J’enfonce encore le clou. Je crois que l’on trouvera toujours les femmes en première ligne face aux urgences et aux nécessités des enfants. Je ne dis pas que c’est une fonction naturelle. Je dis simplement, et je l’observe d’ailleurs, que ce sont les personnes qui se tiennent au plus près des enfants dans la grande phase de vulnérabilité inaugurale de l’enfant, qui peut démarrer à la grossesse, mais qui est aussi les tout premiers temps de la vie du bébé, que ce soient des hommes ou des femmes, que ce soit la mère ou quelqu’un d’autre. Je parle du grand proche de l’enfant qui est nécessaire à sa survie inaugurale.

Les êtres humains qui se tiennent au plus près de ces phases-là de la vie des enfants sont des gens qui vont déployer une forme de sensibilité, de réceptivité, de perception des besoins fondamentaux des enfants, et que l’on appelle aussi en psychanalyse le Nebenmensch. C’est la « personne secourable ». Et ces personnes-là vont réagir toujours pour essayer d’être au secours de certaines réalités.

On observe que c’est le cas pour des pères qui sont très présents dans les premiers mois et les premières années de la vie des enfants. Il faut savoir quand même que les couples sautent, disjonctent, pour ces questions-là, alors que l’on croise des hommes et des femmes qui auraient pu continuer leur route. Souvent, les femmes disent : « Il ne se rend pas compte de ce qu’il se passe pour les enfants ». Et les hommes disent : « Elle dramatise, ce n’est pas si grave que cela ».

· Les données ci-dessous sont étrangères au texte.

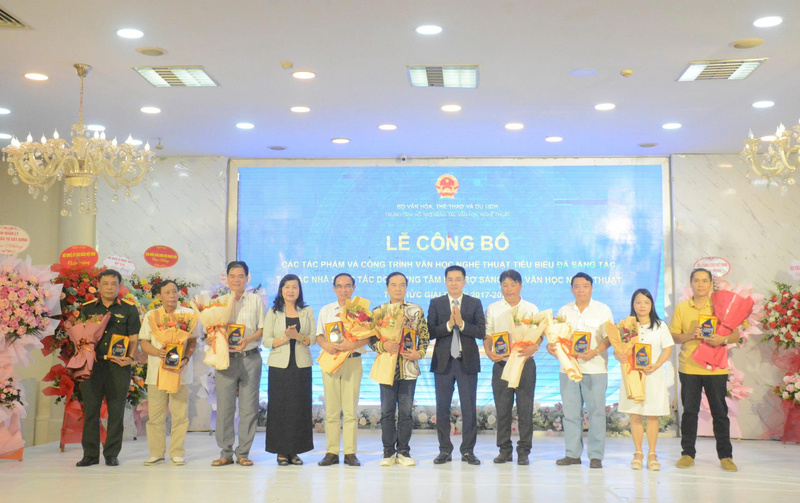 Các tác giả có tác phẩm và công trình văn học nghệ thuật tiêu biểu tại lễ công bố. Ảnh: Hà An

Je voulais souligner que, là encore, il faut que l’on partage ce souci des enfants. Sinon, les femmes se tiendront toujours au plus près.

 

Marie DONZEL

Je voudrais réagir à ce que vient de dire Sylviane GIAMPINO. Cette « personne secourable », qu’on ait voulu l’être ou qu’on n’ait pas voulu l’être, il se trouve qu’on l’est. Maintenant, je vais dire les choses très cash. Cette personne secourable, elle est crevée. C’est un sujet politique majeur, le fait que cette personne secourable soit crevée.

 

[1] Pourquoi les pères travaillent-ils trop ? éditions Albin-Michel, 2019.

[2] Cf. Table ronde I « Féminisme + écologie = écoféminisme ? » p.10 à 48.